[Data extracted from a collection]

···

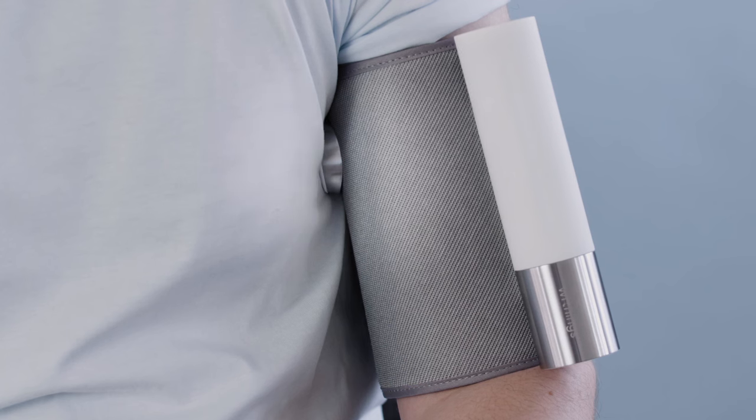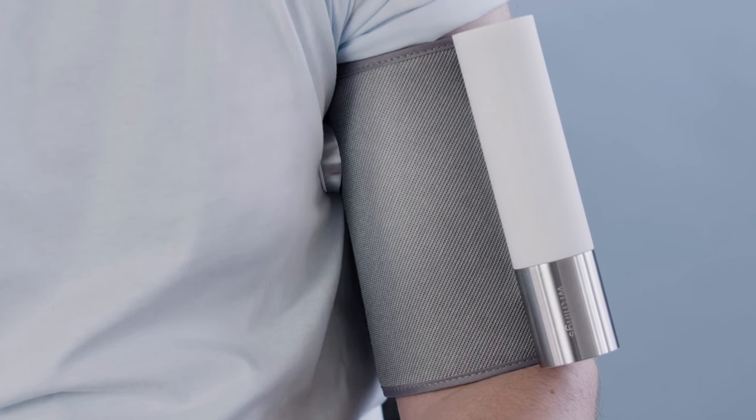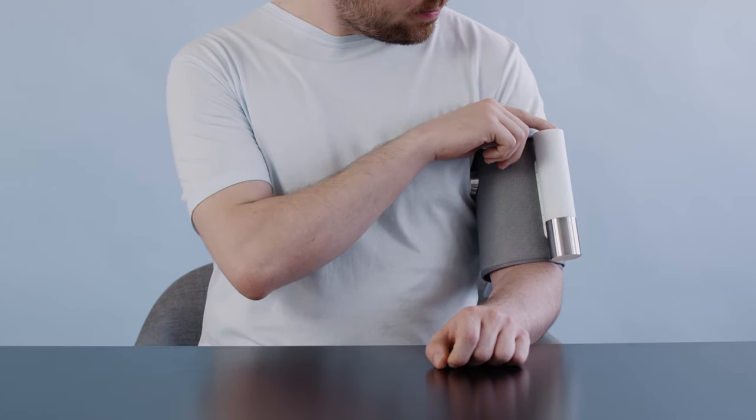The stethoscope should be placed so the flat surface is in contact with your chest. To take your blood pressure, place your arm on a table and keep it level with your heart. Push the button once to turn it on and once more to start the measurement.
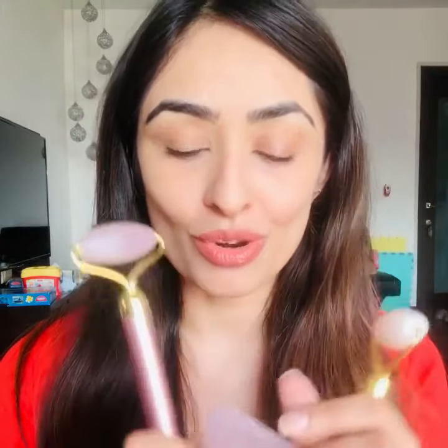And what does the electric Rose Quartz do? The electric Rose Quartz is a mix between the 24k with a Rose Quartz head. So it helps in sculpting, de-puffing, contouring, and hydrating because it has all the amazing properties of the Rose Quartz roller.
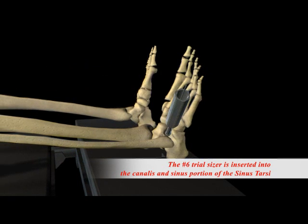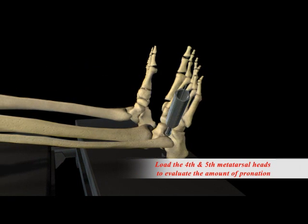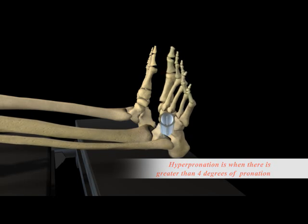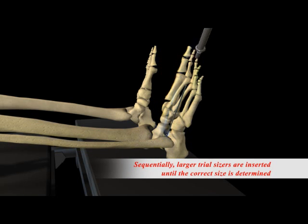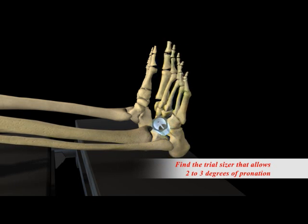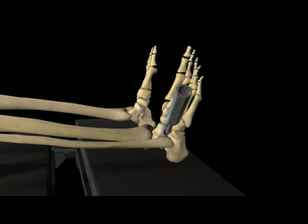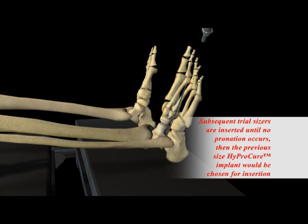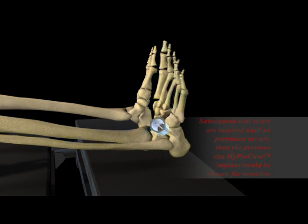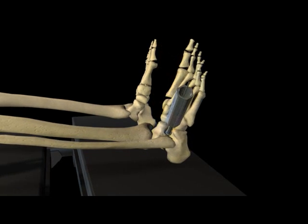This will determine which size HyperCure stent will be used to stabilize the talus and the tarsal mechanism. The surgeon will put the foot through a range of motion, and the goal is to have some motion occurring — not limited and not excessive. The average amount is about 4 degrees of pronation. The various trial sizers make the sizing process streamlined and very efficient, unlike other devices on the market which can lead to further trauma to the tissues. Once the size is determined, it is then placed onto the guide wire.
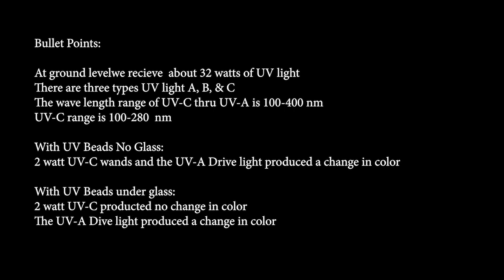Of that UV light, there are three types: A, B, and C. The wavelength of this light from UV-C to UV-A is 100 to 400 nanometers. The UV-C range is 100 to 280 nanometers. We tested the beads with the 2-watt UV-C wand and a UV-A dive light, and we were able to produce a change in color. With the beads under glass, the 2-watt UV-C produced no change in color — this is expected because UV-C cannot penetrate glass. The UV-A dive light did produce a change in color, as expected.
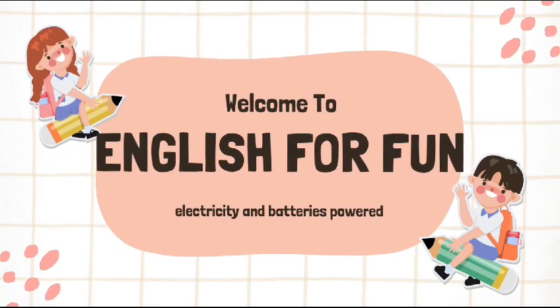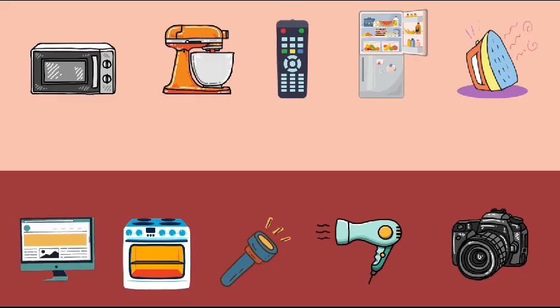Hey there, welcome kiddos, buckle up and let's fly into the world of electrical tools. Imagine having a magic wand that powers up your machines and helps you fix and create amazing things. That's what electrical tools are like, a superpower that saves the day. Let's check it out.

···

> [Exercise instructions] Each line from the one holding "This will determine" through the last line of the records above must be duplicated exactly, and pictures must not be.

> [Reply to the exercise]
This will determine which size HyperCure stent will be used to stabilize the talus and the tarsal mechanism. The surgeon will put the foot through a range of motion, and the goal is to have some motion occurring — not limited and not excessive. The average amount is about 4 degrees of pronation. The various trial sizers make the sizing process streamlined and very efficient, unlike other devices on the market which can lead to further trauma to the tissues. Once the size is determined, it is then placed onto the guide wire.
Of that UV light, there are three types: A, B, and C. The wavelength of this light from UV-C to UV-A is 100 to 400 nanometers. The UV-C range is 100 to 280 nanometers. We tested the beads with the 2-watt UV-C wand and a UV-A dive light, and we were able to produce a change in color. With the beads under glass, the 2-watt UV-C produced no change in color — this is expected because UV-C cannot penetrate glass. The UV-A dive light did produce a change in color, as expected.
Hey there, welcome kiddos, buckle up and let's fly into the world of electrical tools. Imagine having a magic wand that powers up your machines and helps you fix and create amazing things. That's what electrical tools are like, a superpower that saves the day. Let's check it out.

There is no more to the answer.